**Your goal**
Each of the following records is to be output exactly.

**Supplied material**
--------------------------------

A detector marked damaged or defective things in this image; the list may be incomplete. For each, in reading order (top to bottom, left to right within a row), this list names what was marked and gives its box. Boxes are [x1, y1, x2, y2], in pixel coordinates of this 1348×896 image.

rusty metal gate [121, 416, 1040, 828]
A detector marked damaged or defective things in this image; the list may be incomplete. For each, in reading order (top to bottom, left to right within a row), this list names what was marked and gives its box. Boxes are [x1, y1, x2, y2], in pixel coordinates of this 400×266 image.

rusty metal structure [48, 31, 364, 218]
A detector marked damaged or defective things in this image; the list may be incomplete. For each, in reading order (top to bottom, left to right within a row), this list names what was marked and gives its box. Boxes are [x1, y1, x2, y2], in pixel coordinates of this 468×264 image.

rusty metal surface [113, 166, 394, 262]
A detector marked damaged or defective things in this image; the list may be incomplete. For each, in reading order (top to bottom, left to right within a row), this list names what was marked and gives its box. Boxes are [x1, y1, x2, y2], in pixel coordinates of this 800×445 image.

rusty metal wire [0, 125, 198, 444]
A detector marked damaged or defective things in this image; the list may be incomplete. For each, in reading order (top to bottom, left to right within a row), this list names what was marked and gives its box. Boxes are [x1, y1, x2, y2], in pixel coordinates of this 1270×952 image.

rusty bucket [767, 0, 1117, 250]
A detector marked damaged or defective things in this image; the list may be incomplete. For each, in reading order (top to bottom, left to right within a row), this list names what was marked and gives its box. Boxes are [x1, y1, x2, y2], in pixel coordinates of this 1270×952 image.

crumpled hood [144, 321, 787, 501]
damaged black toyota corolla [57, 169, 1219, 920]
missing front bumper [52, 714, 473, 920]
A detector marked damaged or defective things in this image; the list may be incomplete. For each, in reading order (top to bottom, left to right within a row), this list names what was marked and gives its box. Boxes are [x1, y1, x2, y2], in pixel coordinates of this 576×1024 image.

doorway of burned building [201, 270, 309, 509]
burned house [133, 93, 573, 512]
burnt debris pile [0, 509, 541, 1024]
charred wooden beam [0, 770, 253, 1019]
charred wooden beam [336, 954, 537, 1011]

--------------------------------

**Solution to this exercise**
A detector marked damaged or defective things in this image; the list may be incomplete. For each, in reading order (top to bottom, left to right within a row), this list names what was marked and gives its box. Boxes are [x1, y1, x2, y2], in pixel coordinates of this 1348×896 image.

rusty metal gate [121, 416, 1040, 828]
A detector marked damaged or defective things in this image; the list may be incomplete. For each, in reading order (top to bottom, left to right within a row), this list names what was marked and gives its box. Boxes are [x1, y1, x2, y2], in pixel coordinates of this 400×266 image.

rusty metal structure [48, 31, 364, 218]
A detector marked damaged or defective things in this image; the list may be incomplete. For each, in reading order (top to bottom, left to right within a row), this list names what was marked and gives its box. Boxes are [x1, y1, x2, y2], in pixel coordinates of this 468×264 image.

rusty metal surface [113, 166, 394, 262]
A detector marked damaged or defective things in this image; the list may be incomplete. For each, in reading order (top to bottom, left to right within a row), this list names what was marked and gives its box. Boxes are [x1, y1, x2, y2], in pixel coordinates of this 800×445 image.

rusty metal wire [0, 125, 198, 444]
A detector marked damaged or defective things in this image; the list may be incomplete. For each, in reading order (top to bottom, left to right within a row), this list names what was marked and gives its box. Boxes are [x1, y1, x2, y2], in pixel coordinates of this 1270×952 image.

rusty bucket [767, 0, 1117, 250]
A detector marked damaged or defective things in this image; the list may be incomplete. For each, in reading order (top to bottom, left to right within a row), this list names what was marked and gives its box. Boxes are [x1, y1, x2, y2], in pixel coordinates of this 1270×952 image.

crumpled hood [144, 321, 787, 501]
damaged black toyota corolla [57, 169, 1219, 920]
missing front bumper [52, 714, 473, 920]
A detector marked damaged or defective things in this image; the list may be incomplete. For each, in reading order (top to bottom, left to right within a row), this list names what was marked and gives its box. Boxes are [x1, y1, x2, y2], in pixel coordinates of this 576×1024 image.

doorway of burned building [201, 270, 309, 509]
burned house [133, 93, 573, 512]
burnt debris pile [0, 509, 541, 1024]
charred wooden beam [0, 770, 253, 1019]
charred wooden beam [336, 954, 537, 1011]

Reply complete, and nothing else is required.